- [Task goal]
Please go line by line and repeat the data below exactly, with no images.

- [Data block]
------------

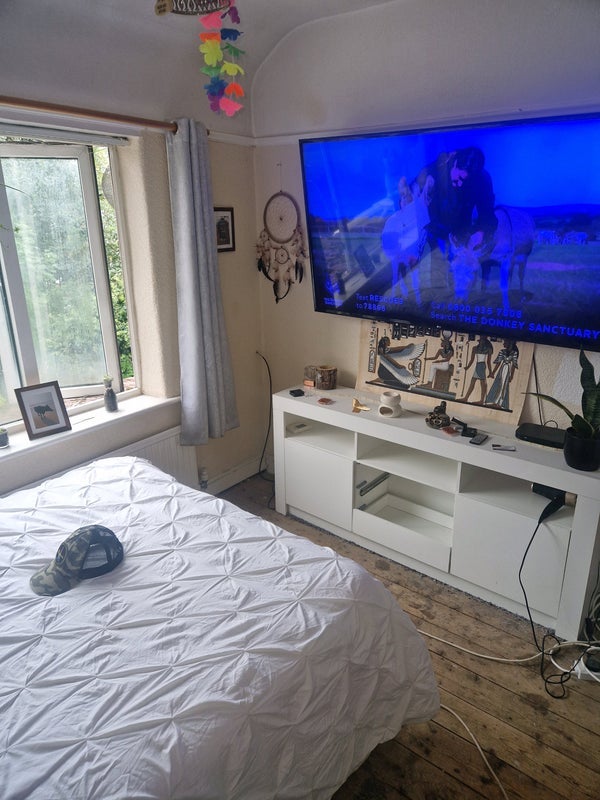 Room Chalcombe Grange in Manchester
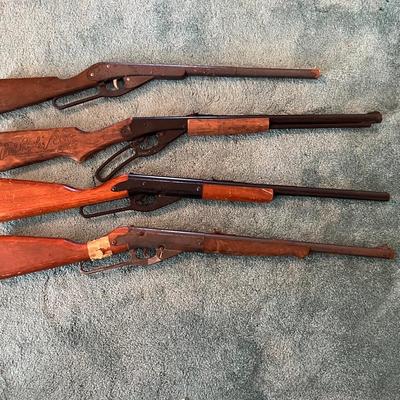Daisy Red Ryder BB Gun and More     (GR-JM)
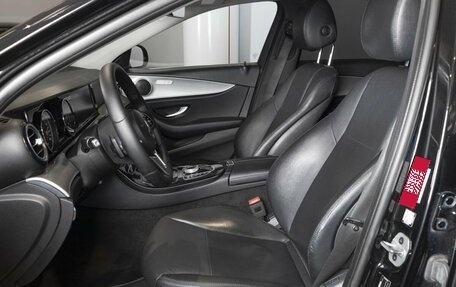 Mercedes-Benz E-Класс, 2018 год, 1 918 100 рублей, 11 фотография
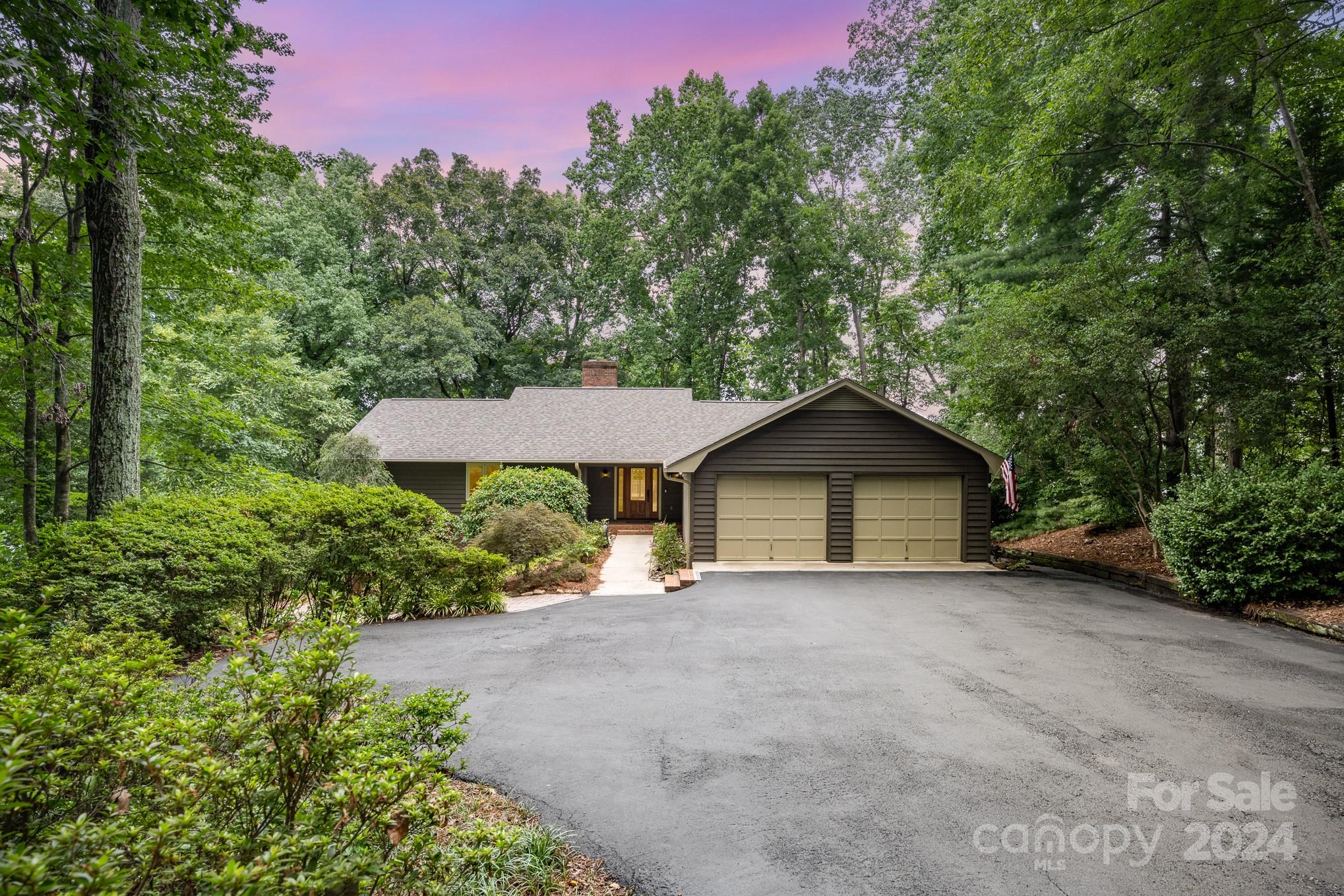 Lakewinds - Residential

------------

- [Answer space]
 Room Chalcombe Grange in Manchester
Daisy Red Ryder BB Gun and More     (GR-JM)
 Mercedes-Benz E-Класс, 2018 год, 1 918 100 рублей, 11 фотография
 Lakewinds - Residential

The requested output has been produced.